Le rebondissement de vendredi n’y change rien. Alexeï Navalny rejoint l’ancien patron du groupe Ioukos, Mikhaïl Khodorkovski, sur le banc des persécutés. Détenu depuis dix ans, ce dernier pourrait subir un troisième procès, en 2014. Leurs rapports avec Vladimir Poutine sont dissemblables. L’ancien oligarque a fait partie du cercle des puissants, qui ont bénéficié des privatisations douteuses des années 1990. Mais il n’a pas voulu respecter le contrat que l’ancien agent du KGB a imposé à ses semblables : la prospérité contre une absolue loyauté.

Le cas d’Alexeï Navalny est autre.

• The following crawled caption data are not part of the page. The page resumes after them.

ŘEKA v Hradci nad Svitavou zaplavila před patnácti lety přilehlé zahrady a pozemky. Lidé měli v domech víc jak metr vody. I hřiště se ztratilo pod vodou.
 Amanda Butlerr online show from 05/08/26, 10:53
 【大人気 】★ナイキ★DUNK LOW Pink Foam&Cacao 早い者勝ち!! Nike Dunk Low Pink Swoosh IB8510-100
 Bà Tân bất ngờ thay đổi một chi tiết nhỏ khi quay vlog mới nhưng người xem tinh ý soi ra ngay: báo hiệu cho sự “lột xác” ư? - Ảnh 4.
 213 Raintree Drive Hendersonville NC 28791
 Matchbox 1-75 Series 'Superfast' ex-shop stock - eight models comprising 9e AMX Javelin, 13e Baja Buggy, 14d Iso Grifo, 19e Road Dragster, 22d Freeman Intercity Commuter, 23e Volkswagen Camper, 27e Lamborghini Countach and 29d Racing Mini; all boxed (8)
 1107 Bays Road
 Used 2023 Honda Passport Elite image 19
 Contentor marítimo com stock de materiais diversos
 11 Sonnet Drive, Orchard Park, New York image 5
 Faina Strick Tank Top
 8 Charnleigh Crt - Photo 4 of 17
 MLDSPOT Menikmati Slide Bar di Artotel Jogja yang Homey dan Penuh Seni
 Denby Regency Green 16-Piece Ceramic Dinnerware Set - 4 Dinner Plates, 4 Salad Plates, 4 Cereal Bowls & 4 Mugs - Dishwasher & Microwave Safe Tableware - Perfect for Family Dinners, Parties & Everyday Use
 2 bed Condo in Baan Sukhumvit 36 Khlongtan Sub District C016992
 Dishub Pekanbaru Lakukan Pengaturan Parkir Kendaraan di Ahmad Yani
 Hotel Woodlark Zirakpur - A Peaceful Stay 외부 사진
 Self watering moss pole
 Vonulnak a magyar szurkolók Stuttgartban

Il n’est pas un acteur familier pour Vladimir Poutine, qui n’a aucune culture numérique et voit la société civile comme une bande d’agités, stimulés par l’Occident.

La dernière attaque d’Alexeï Navalny a visé un homme-clé du pouvoir : le patron des chemins de fer russes, Vladimir Iakounine. Sur son site, à deux jours du jugement, l’avocat a publié un schéma des sociétés offshore utilisées par ce cadre du régime. Aucune réaction officielle contre M. Iakounine, qui menace à présent de porter plainte contre l’avocat. Au printemps, Vladimir Poutine a pourtant lancé la  » renationalisation des élites  « , destinée à déclarer leurs biens immobiliers à l’étranger et à rapatrier les fonds cachés. Visiblement, la sévérité du pouvoir est un missile à tête chercheuse.